Try it | Set down every line of the data exactly, skipping the pictures.

Supplied material |

--- START ---

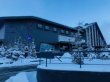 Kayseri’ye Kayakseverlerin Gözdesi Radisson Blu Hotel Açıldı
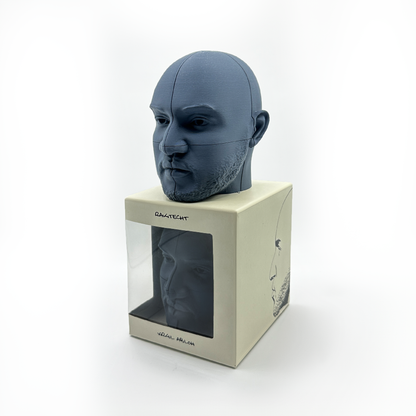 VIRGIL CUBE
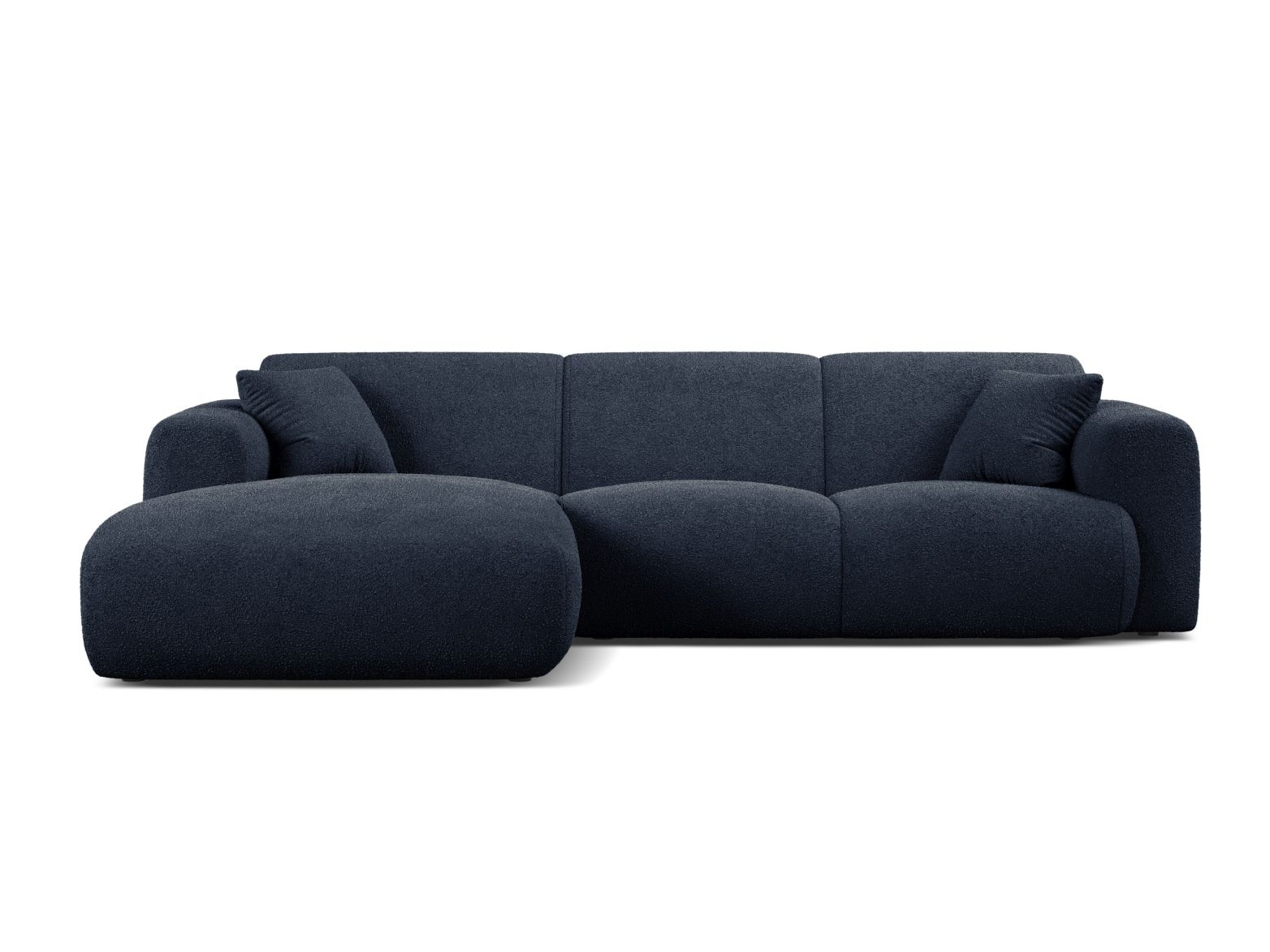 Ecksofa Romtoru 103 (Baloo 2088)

--- END ---

Answer to this problem |
 Kayseri’ye Kayakseverlerin Gözdesi Radisson Blu Hotel Açıldı
 VIRGIL CUBE
 Ecksofa Romtoru 103 (Baloo 2088)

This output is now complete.